• _WHAT YOU WILL DO_
After finding "Чехол Iron Ring" in the material below, output its line and every line after it through the last, exactly, but not the pictures.

• _EXERCISE DATA_
--------------------

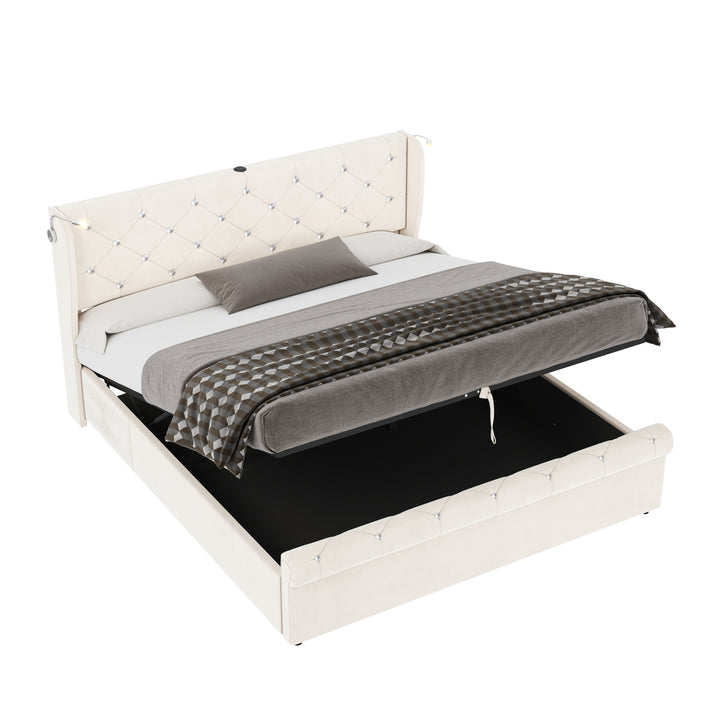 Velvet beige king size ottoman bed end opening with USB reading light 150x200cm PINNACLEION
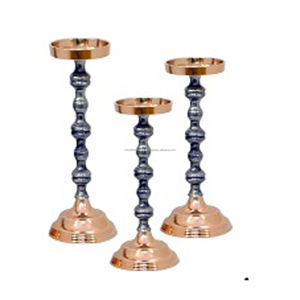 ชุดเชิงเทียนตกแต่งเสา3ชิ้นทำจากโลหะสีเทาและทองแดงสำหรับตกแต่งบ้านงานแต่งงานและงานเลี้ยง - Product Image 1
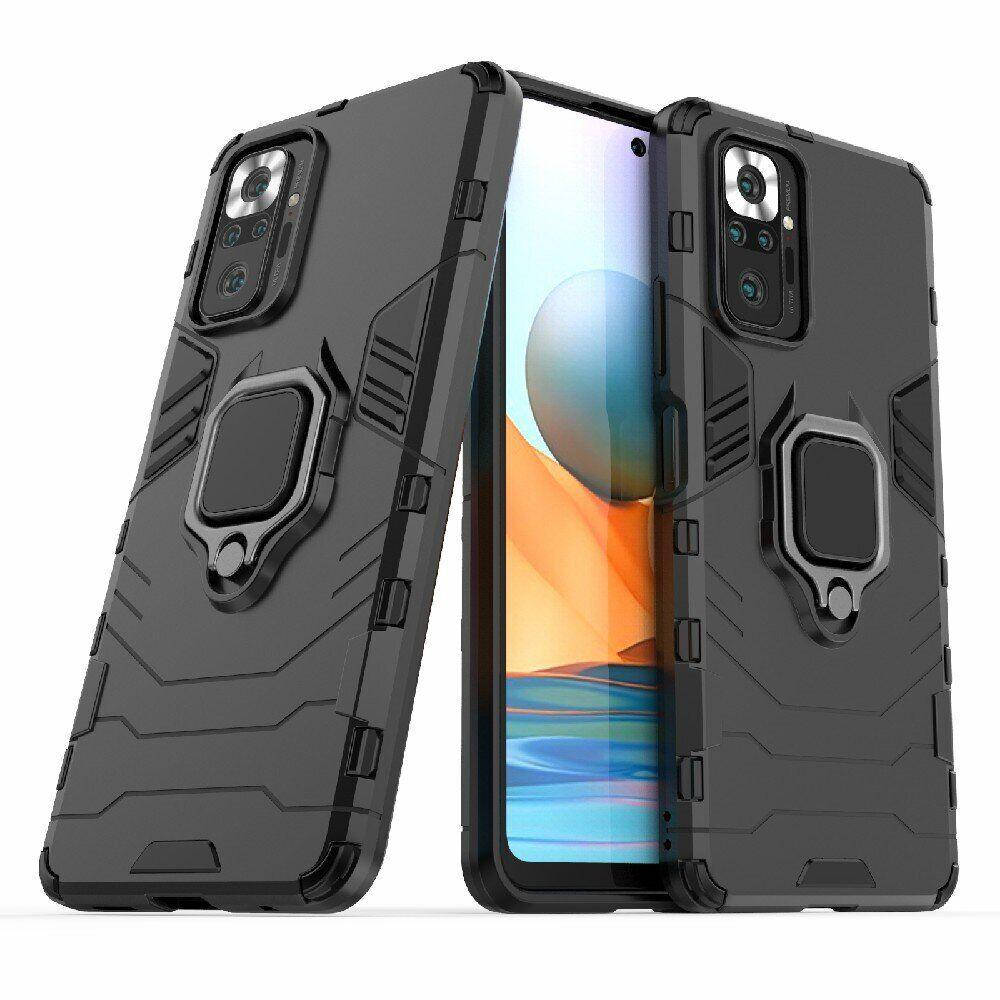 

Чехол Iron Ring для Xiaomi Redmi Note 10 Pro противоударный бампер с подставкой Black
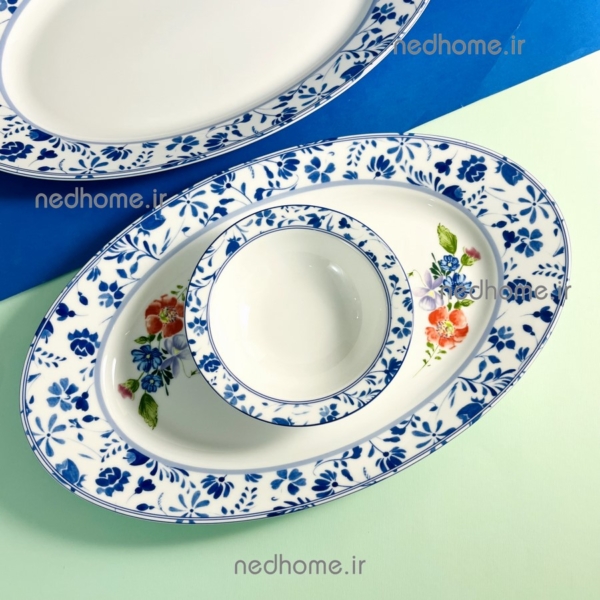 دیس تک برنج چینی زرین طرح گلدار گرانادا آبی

--------------------

• _OUTPUT OF THE TASK_
Чехол Iron Ring для Xiaomi Redmi Note 10 Pro противоударный бампер с подставкой Black
 دیس تک برنج چینی زرین طرح گلدار گرانادا آبی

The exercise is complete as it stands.